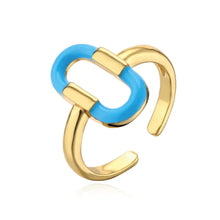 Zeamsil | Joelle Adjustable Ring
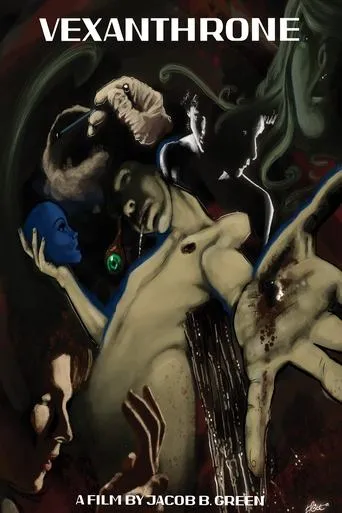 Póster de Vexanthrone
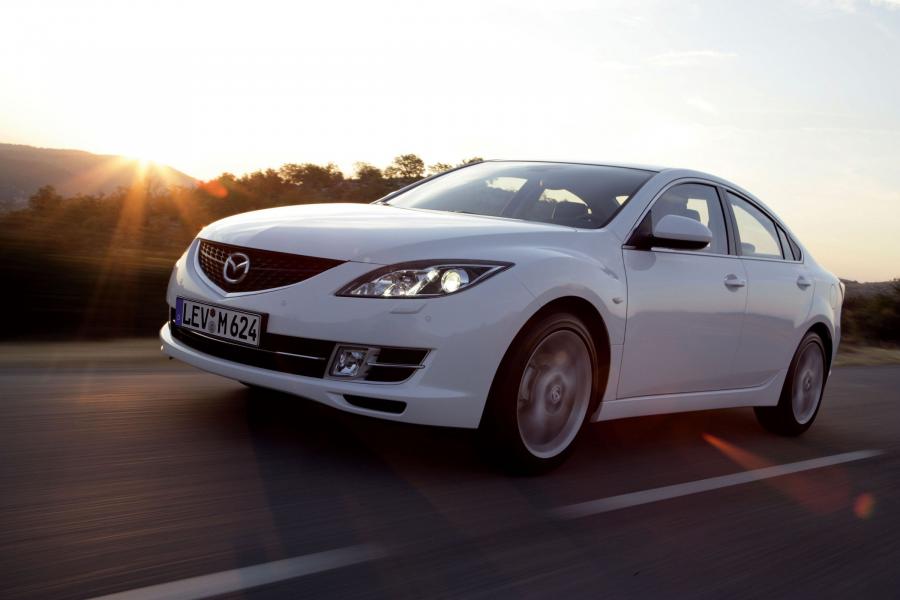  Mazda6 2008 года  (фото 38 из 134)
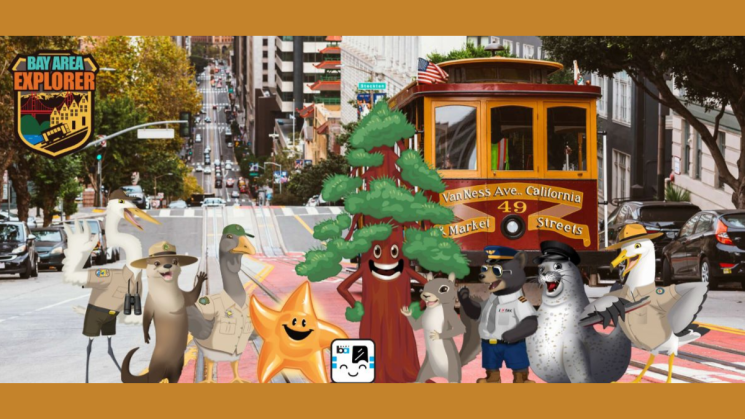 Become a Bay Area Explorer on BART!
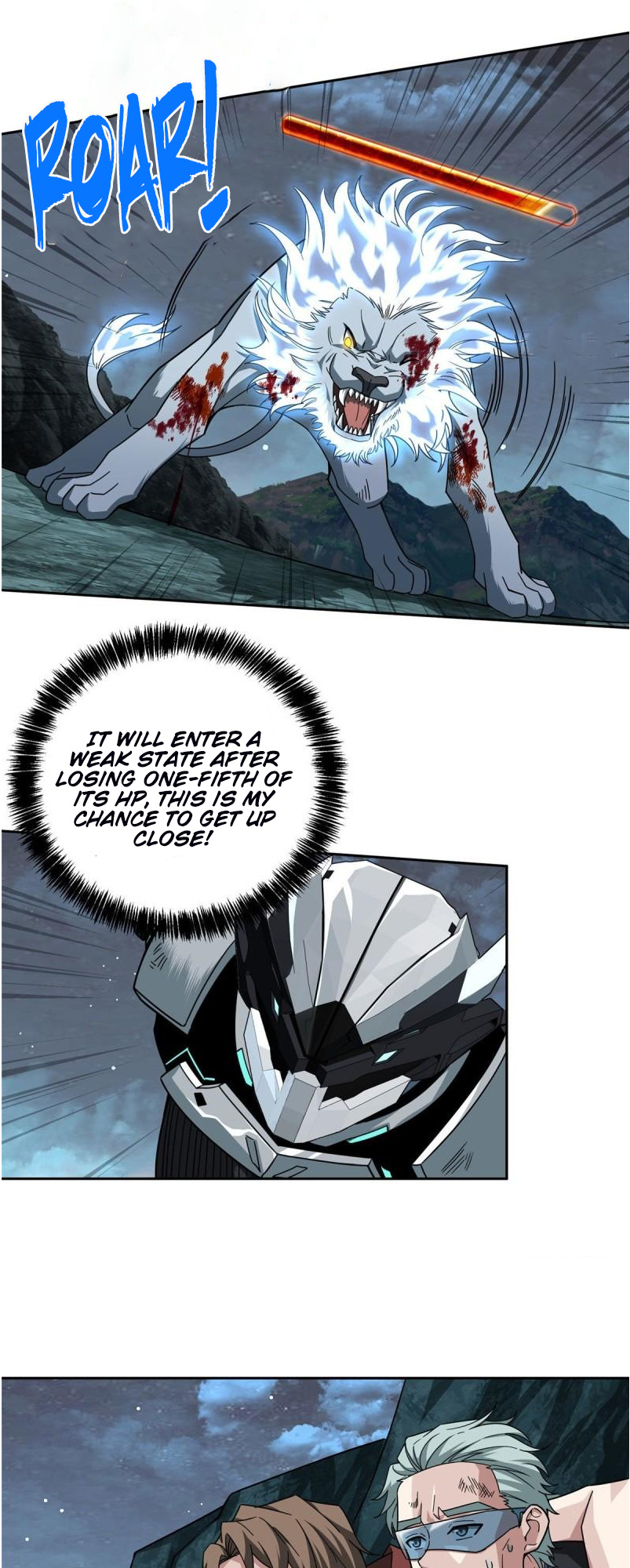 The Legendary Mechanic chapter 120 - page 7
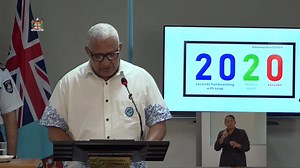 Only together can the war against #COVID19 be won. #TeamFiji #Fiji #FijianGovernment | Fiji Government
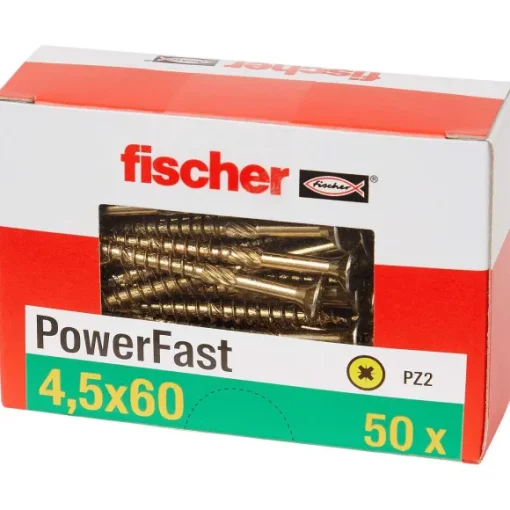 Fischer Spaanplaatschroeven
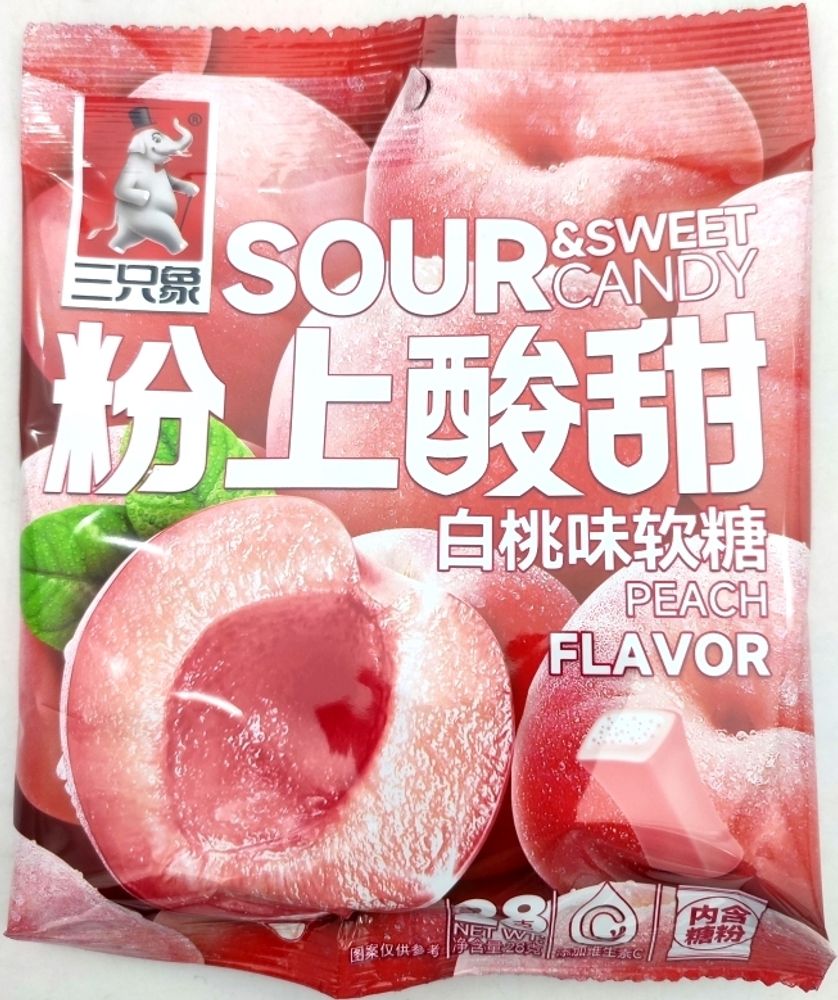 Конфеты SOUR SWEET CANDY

────────────────

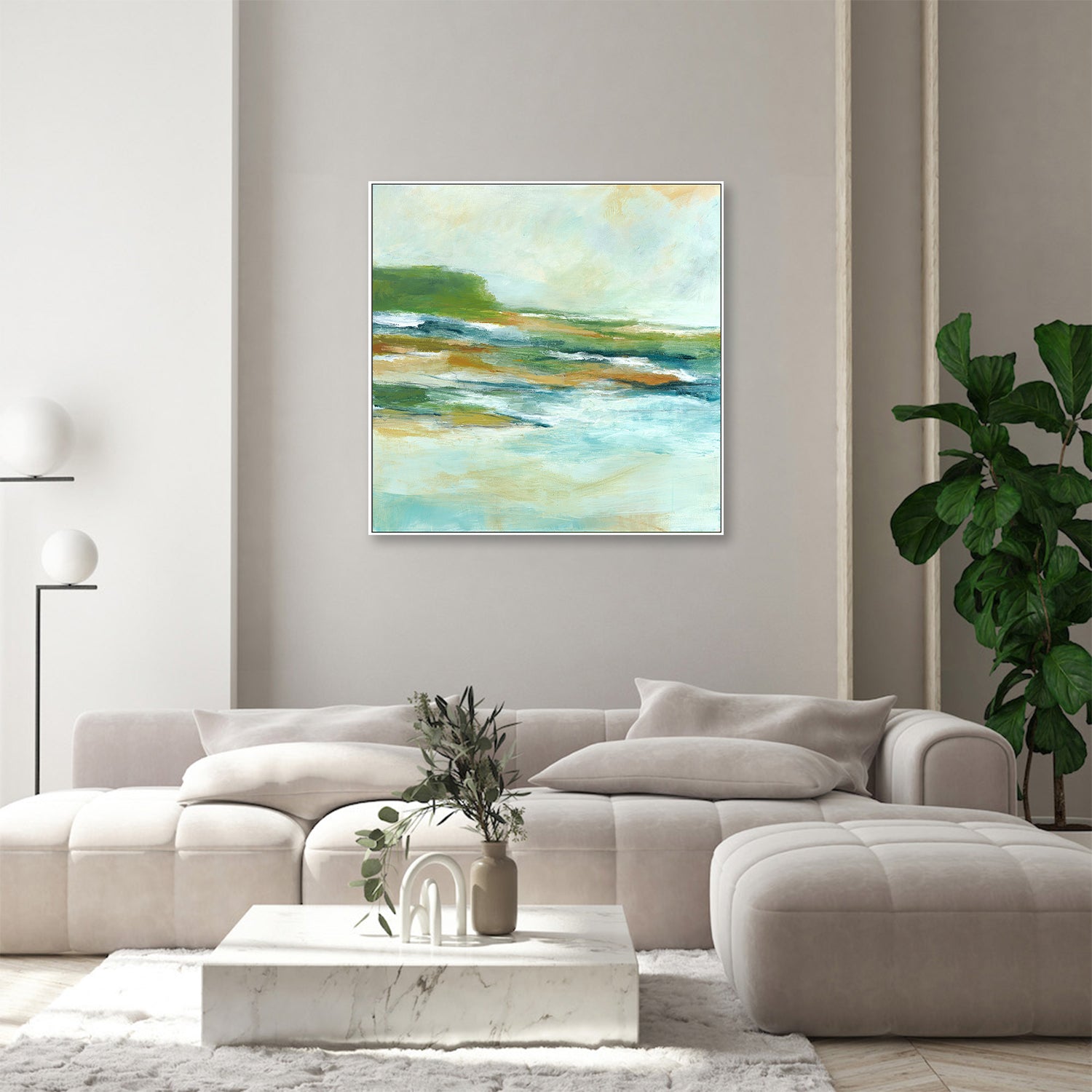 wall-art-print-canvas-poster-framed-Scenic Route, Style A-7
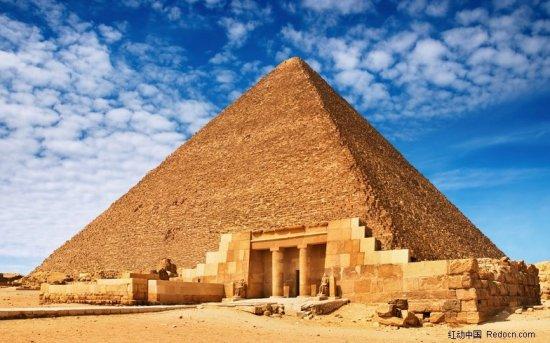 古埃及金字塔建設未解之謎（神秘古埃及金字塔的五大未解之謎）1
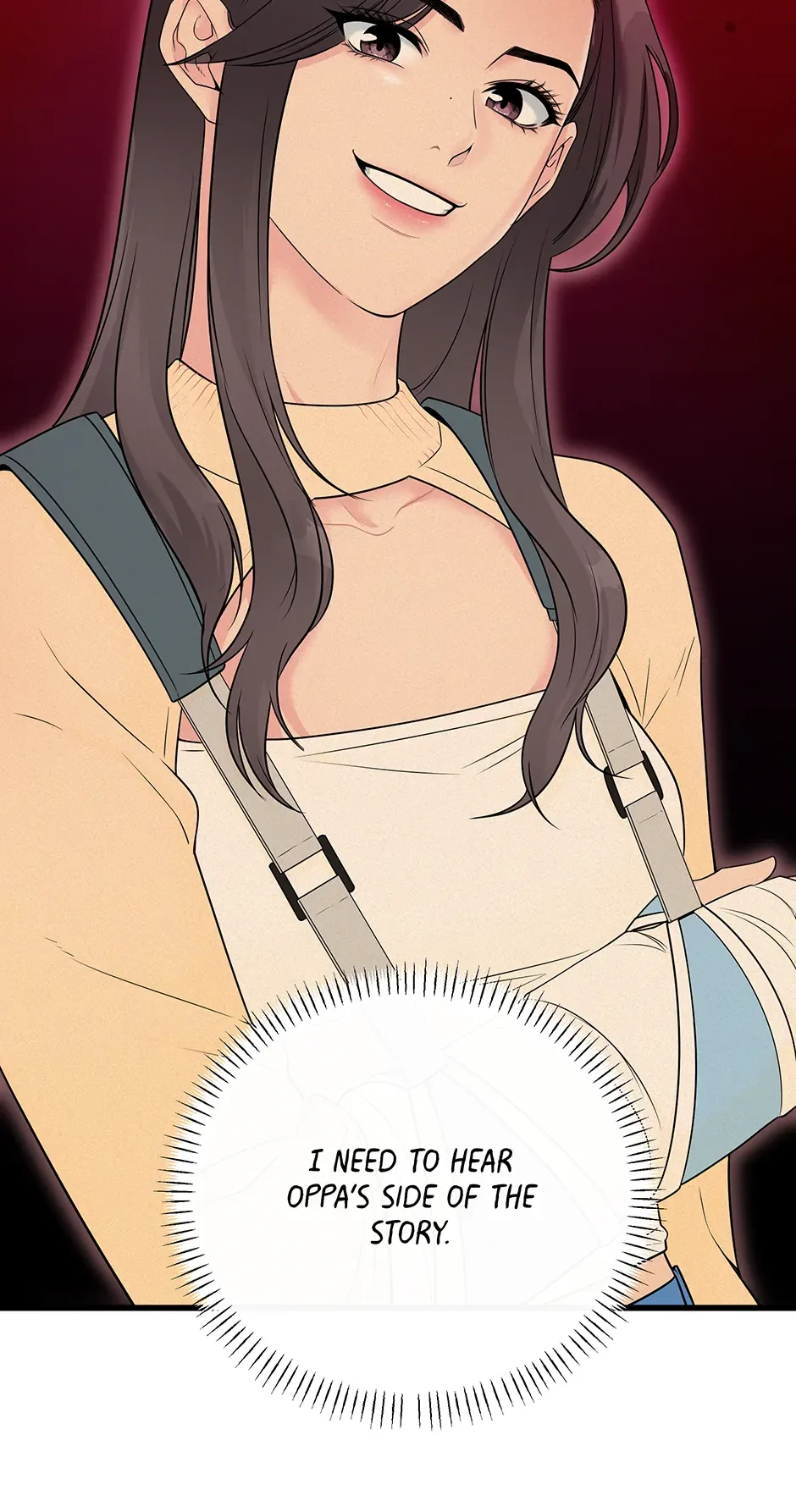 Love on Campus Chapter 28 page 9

────────────────

§ About this task
Above are the records; return the lines in them from the one with "古埃及金字塔建設未解之謎（神秘古埃及金字塔的五大未解之謎）1" to the one with "Love on Campus Chapter 28 page 9", inclusive, exactly and without images.

§ Reply to the exercise
 古埃及金字塔建設未解之謎（神秘古埃及金字塔的五大未解之謎）1
 Love on Campus Chapter 28 page 9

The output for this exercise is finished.